Histone H2AX participates the DNA damage-induced ATM activation through interaction with NBS1

Kobayashi, Junya; Tauchi, Hiroshi; Chen, Benjamin; Bruma, Sandeep; Tashiro, Satoshi; Matsuura, Shinya; Tanimoto, Keiji; Chen, David J; Komatsu, Kenshi

doi:10.1016/j.bbrc.2009.01.109

Title: Histone H2AX participates the DNA damage-induced ATM activation through interaction with NBS1

Journal Article · Fri Mar 20 00:00:00 EDT 2009 · Biochemical and Biophysical Research Communications

DOI:https://doi.org/10.1016/j.bbrc.2009.01.109· OSTI ID:21255937

Kobayashi, Junya ^[1]; Tauchi, Hiroshi ^[2]; Chen, Benjamin; Bruma, Sandeep ^[3]; Tashiro, Satoshi ^[4]; Matsuura, Shinya ^[5]; Tanimoto, Keiji ^[6]; Chen, David J ^[3]; Komatsu, Kenshi ^[1]

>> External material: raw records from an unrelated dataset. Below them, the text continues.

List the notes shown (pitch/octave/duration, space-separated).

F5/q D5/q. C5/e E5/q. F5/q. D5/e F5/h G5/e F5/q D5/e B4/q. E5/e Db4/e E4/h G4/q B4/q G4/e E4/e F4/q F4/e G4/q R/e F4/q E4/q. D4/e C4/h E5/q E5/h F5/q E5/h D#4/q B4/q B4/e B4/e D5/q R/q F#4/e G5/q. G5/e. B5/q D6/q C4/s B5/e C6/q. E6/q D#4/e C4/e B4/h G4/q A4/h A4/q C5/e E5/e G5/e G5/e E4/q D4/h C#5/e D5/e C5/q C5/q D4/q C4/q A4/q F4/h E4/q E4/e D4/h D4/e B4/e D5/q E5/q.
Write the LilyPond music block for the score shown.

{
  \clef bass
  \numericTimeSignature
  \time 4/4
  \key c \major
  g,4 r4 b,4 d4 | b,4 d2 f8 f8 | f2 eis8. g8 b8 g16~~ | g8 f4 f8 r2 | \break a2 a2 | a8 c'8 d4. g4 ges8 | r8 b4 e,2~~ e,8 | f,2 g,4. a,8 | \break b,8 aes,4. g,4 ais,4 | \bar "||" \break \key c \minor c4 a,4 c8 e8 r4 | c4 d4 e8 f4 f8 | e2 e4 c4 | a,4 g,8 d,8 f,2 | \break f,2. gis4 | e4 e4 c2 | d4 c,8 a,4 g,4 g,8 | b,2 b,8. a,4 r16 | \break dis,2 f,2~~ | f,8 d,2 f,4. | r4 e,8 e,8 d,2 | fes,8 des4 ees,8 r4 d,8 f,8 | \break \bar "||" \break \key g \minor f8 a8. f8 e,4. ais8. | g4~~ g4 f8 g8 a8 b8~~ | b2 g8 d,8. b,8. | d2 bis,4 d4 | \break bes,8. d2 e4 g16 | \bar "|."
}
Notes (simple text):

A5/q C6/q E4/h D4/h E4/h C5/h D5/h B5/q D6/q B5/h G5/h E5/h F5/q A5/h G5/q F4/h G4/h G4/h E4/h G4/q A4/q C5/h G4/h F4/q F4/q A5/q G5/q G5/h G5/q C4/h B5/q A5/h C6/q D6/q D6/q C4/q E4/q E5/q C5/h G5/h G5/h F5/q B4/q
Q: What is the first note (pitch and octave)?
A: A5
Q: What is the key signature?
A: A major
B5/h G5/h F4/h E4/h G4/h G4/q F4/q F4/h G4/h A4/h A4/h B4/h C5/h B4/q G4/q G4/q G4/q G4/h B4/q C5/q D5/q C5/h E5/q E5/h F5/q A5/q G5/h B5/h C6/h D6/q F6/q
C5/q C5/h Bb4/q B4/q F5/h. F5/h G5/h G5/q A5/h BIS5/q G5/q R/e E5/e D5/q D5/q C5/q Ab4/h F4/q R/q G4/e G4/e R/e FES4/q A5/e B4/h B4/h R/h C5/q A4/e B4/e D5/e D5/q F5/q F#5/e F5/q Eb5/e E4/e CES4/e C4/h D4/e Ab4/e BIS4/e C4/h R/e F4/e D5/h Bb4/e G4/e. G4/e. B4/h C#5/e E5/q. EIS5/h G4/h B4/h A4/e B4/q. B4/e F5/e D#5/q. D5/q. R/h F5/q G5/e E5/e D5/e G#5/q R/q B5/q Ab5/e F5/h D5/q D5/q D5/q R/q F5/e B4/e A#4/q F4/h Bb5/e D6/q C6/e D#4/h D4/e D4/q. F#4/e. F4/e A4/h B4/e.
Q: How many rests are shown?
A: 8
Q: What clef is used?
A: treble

Department of Genome Repair Dynamics, Radiation Biology Center, Kyoto University, Kyoto 606-8501 (Japan)
Department of Environmental Sciences, Ibaraki University, Ibaraki 310-8512 (Japan)
Division of Molecular Radiation Biology, Department of Radiation Oncology, University of Texas, Southwestern Medical Center at Dallas, Dallas, TX 75390-9187 (United States)
Department of Cellular Biology, Research Institute for Radiation Biology and Medicine, Hiroshima University, Hiroshima 734-8553 (Japan)
Department of Radiation Biology, Research Institute for Radiation Biology and Medicine, Hiroshima University, Hiroshima 734-8553 (Japan)
Department of Oral and Maxillofacial Radiology, Graduate School of Biomedical Sciences, Hiroshima University, Kasumi 1-2-3, Minami-ku, Hiroshima 734-8553 (Japan)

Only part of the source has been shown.